I use shredded newspaper for my extra messy ones--I just pick up what I can and let the shop vac do the rest.


----------



## ldoerr (Sep 6, 2012)

1/2 inch mesh would work. I had a few hutches made with that wire. I think that it is sometimes called hardware cloth, but am not for sure. It comes in a coated version in addition to uncoated. What most rabbitry cage floors are made of is 1/2 inch x 1 inch. It is thick wire since the rabbits spend MOST of their life on it.


----------



## MyJuneAngel (Sep 6, 2012)

Thanks! I am having trouble finding the light diffuser grates so I may have to go with something like this.


----------



## Imbrium (Sep 6, 2012)

should be easy to find at a hardware store - just ask for light diffusers (rather than asking for eggcrate). I got mine at home depot... kinda sucks you have to buy a huge sheet, but I've done multiple litterboxes and still have plenty left over in case I need to replace a grid eventually.

I've found wire cutters to be the most effective way to cut the stuff.
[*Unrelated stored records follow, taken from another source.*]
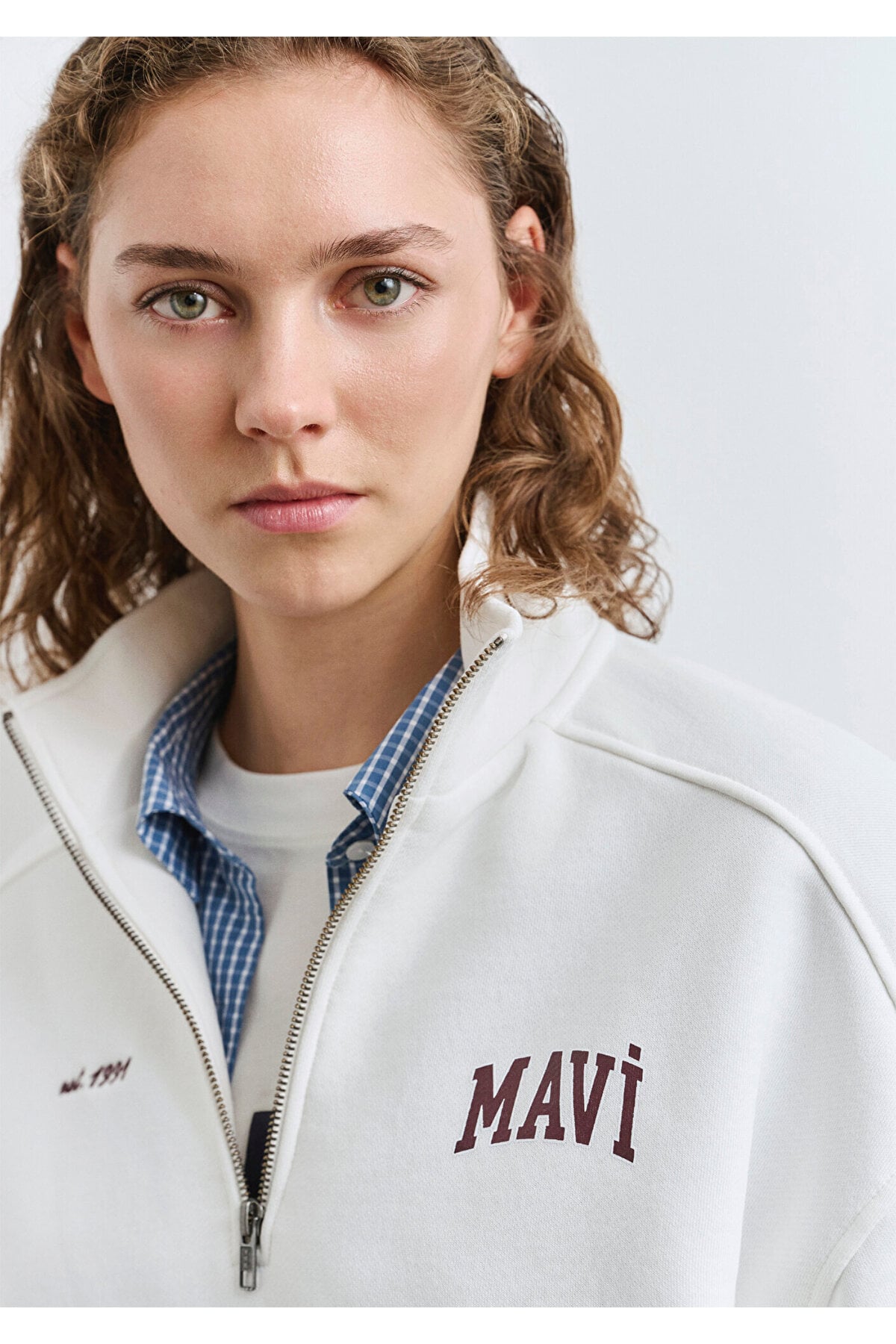 Logo Baskılı Yarı Fermuarlı Ekru Sweatshirt 1S10373-70057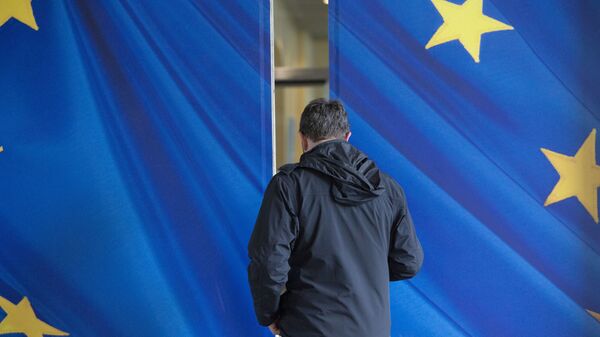 Мужчина идет через раздвижную дверь со звездами Европейского Союза - Sputnik Таджикистан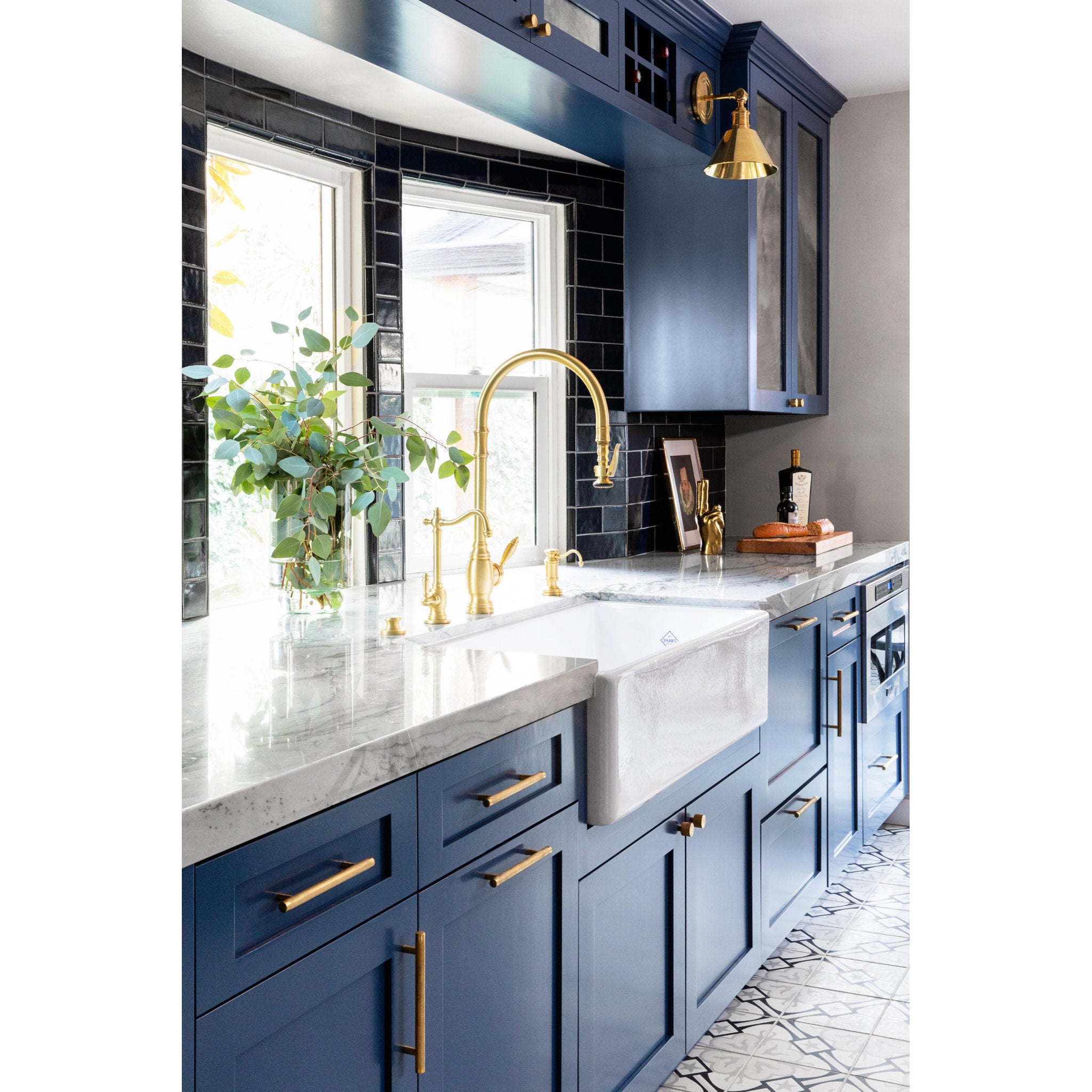 Garden City 1-Light Wall Sconce in Aged Brass 8L x 8W x 11H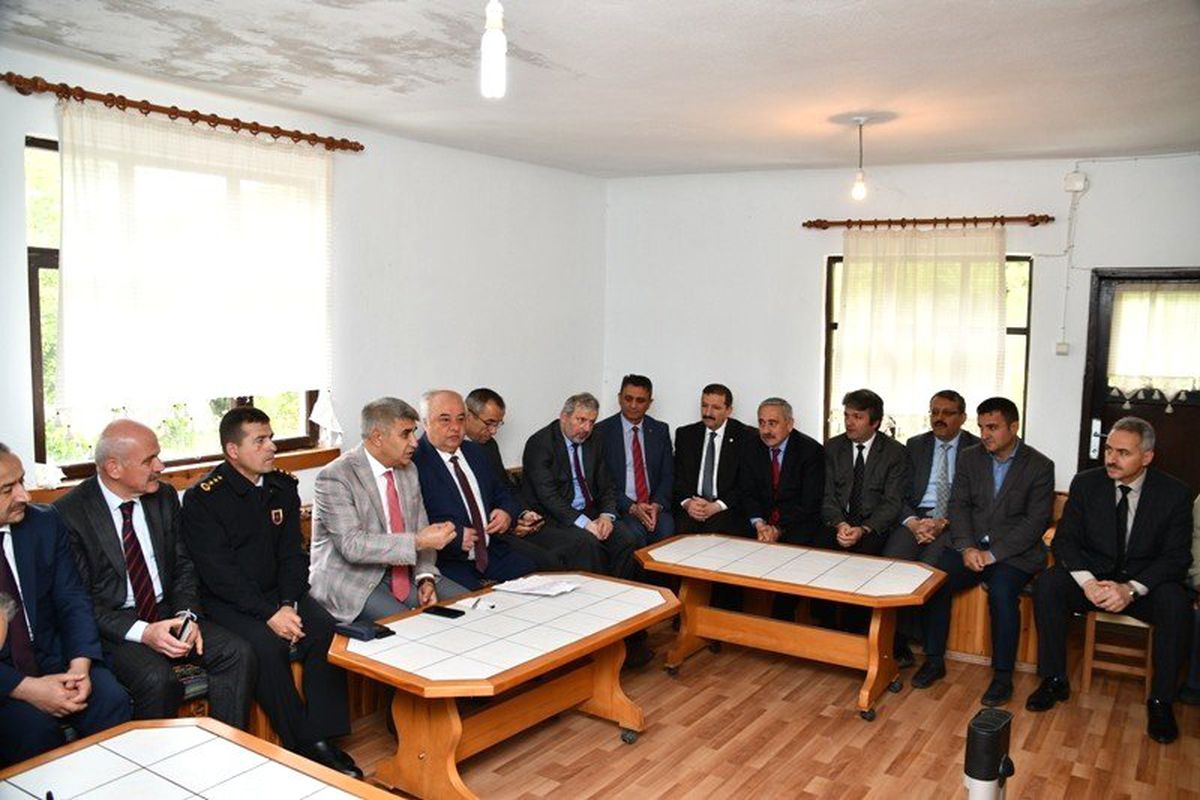 Vali Gürel, Başköy Köyünde Vatandaşların Sorunlarını Dinledi
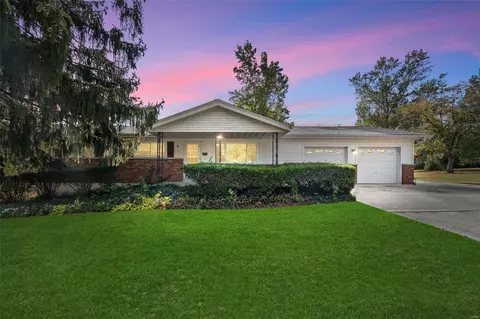 3 Burl Dr, Saint Peters, MO 63376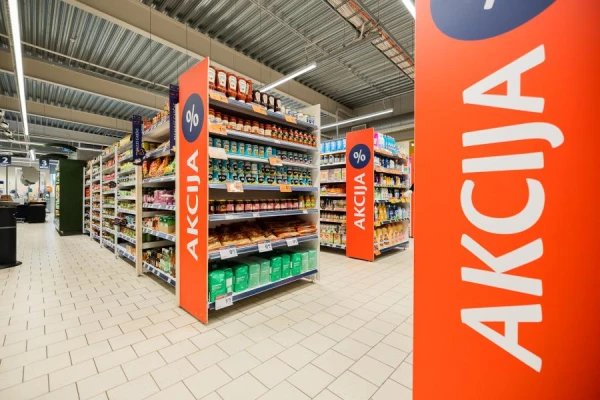 KP veikusi procesuālas darbības «Maxima Latvija» birojā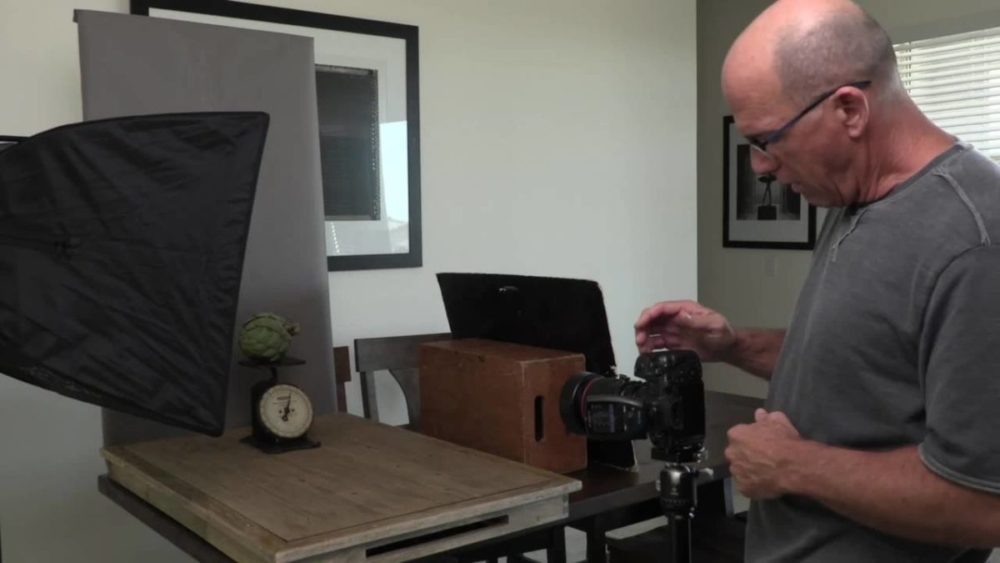 国外风格产品摄影照片后期修图视频教程 中英文字幕 Joel Grimes – Still Life Masterclass 设计教程 第23张-素材湾丨精选海外优质设计素材资源 国外风格产品摄影照片后期修图视频教程 中英文字幕 Joel Grimes – Still Life Masterclass 设计教程 sucaiwan.com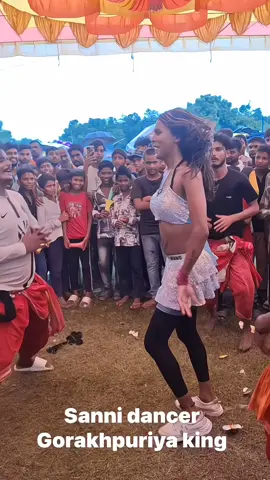 💃 Sanni Dancer – Gorakhpuriya King🔥 Enjoy the energy in every step!🎵 Latest vibes on trending #BhojpuriSongStatus🎬 Dance with passion, share with love!👇 Support with ❤️💬 Comment your thoughts🔁 Share if you vibe with it✨ #DanceReels #ReelsIndia #BhojpuriDance #GorakhpurTalent 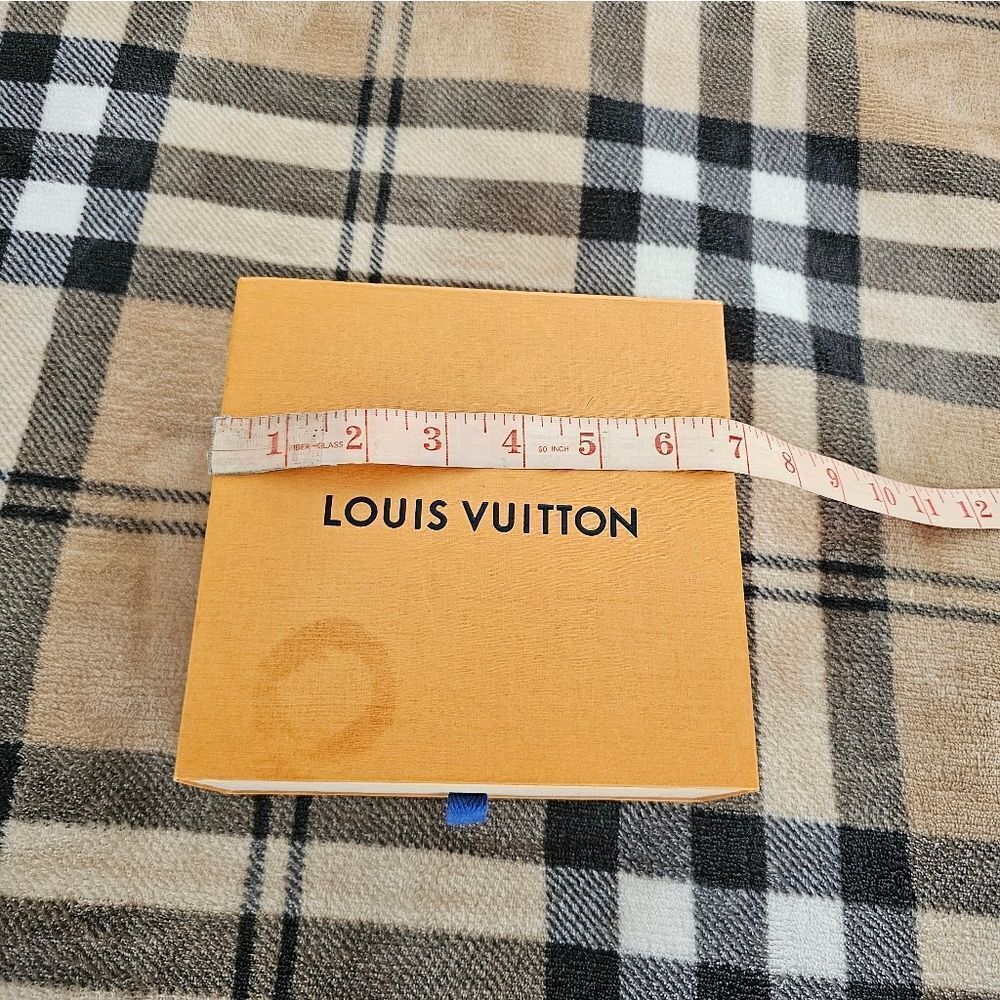 Louis Vuitton Gift Box with Ribbon - Picture 5 of 6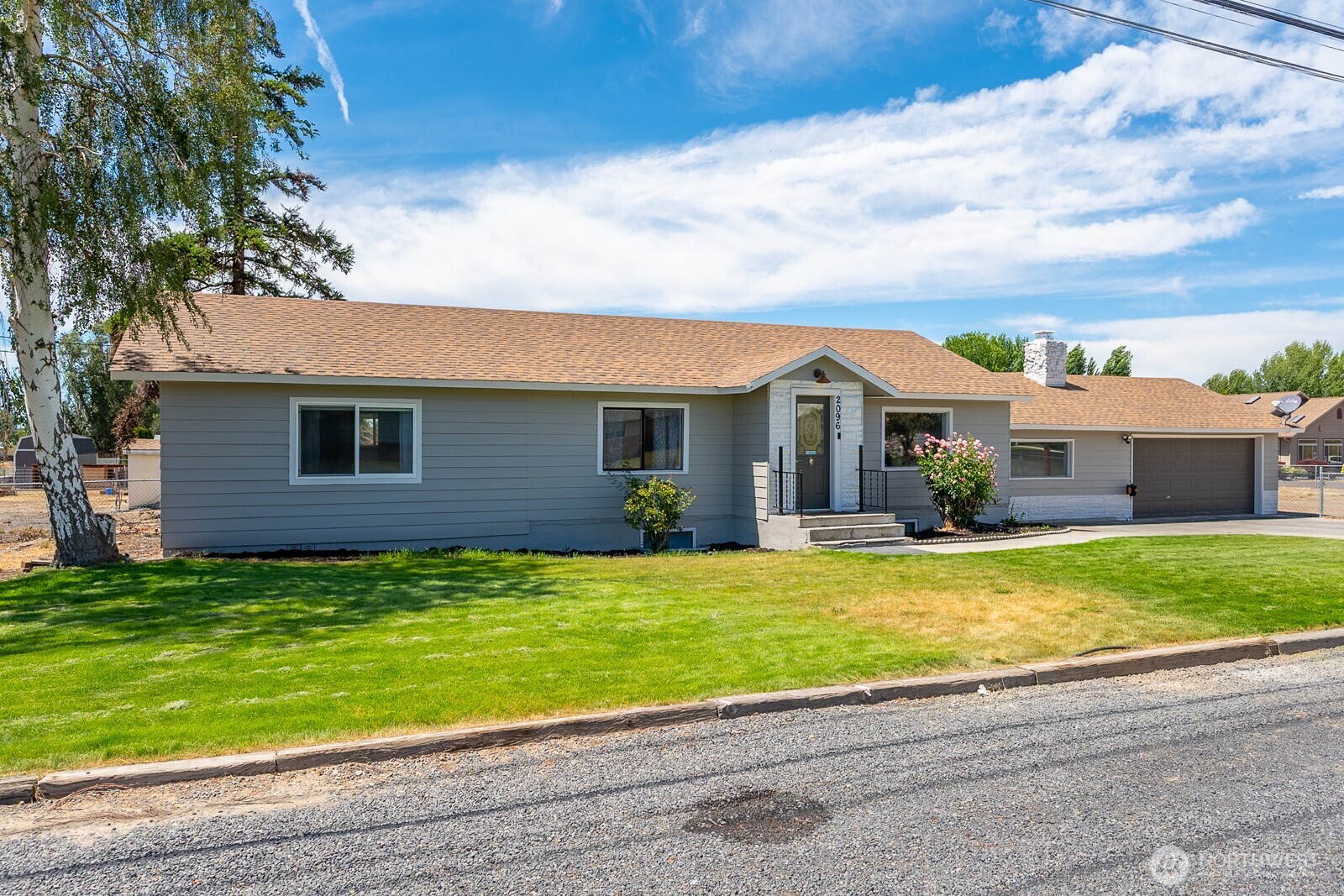 2096 Hamilton Road Northeast Moses Lake, WA 98837 - Photo 2 of 38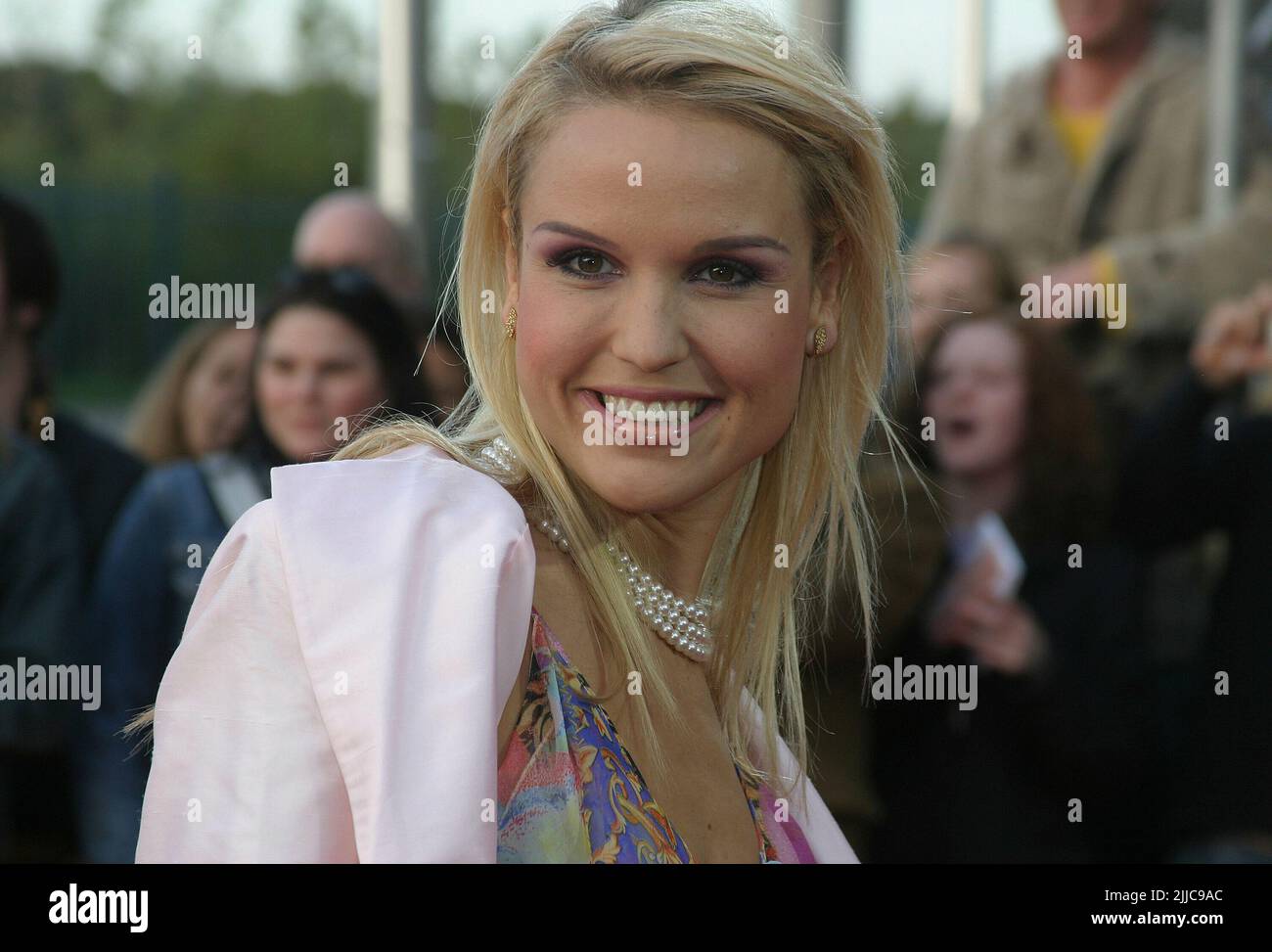 ARCHIVE PHOTO: Tamara von NAYHAUSS turns 50 on July 23, 2022, 03SN NAY091004VM.jpg Tamara von NAYHAUSS, Germany, TV presenter, portrait, landscape format, 09.10.2004. ©SVEN SIMON, Princess-Luise-Str.41#45479 Muelheim/Ruhr#tel.0208/9413250#fax 0208/9413260#account 1428150 Commerzbank Essen BLZ 36040039#www.SvenSimon.net#e-mail: Stock Photo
I tried hardware cloth first 'cause it was cheaper, but ended up coughing up for eggcrate later (which is slightly easier to work with). with the hardware cloth, you just turn the edges down to make "legs" which raises it above the litter and keeps cut (ie sharp) edges away from bunnies at the same time.


----------



## MyJuneAngel (Sep 8, 2012)

I picked up some egg crate today.  We had to go out of town to get it but the large piece should be big enough for litter boxes for both of the cages.  Our boy doesn't dig in his litter but we might try it for him anyway.


----------



## Imbrium (Sep 8, 2012)

I really do like it - mine don't dig in their boxes but I made grids anyway so they don't have to sit in soiled litter or a pile of poops.


----------



## Nancy McClelland (Sep 9, 2012)

Got "hardware cloth" or fine mesh wire at Ace here. Got the really heavy gauge stuff cause you can shape it and it will hold up even if you have a large bunny.


----------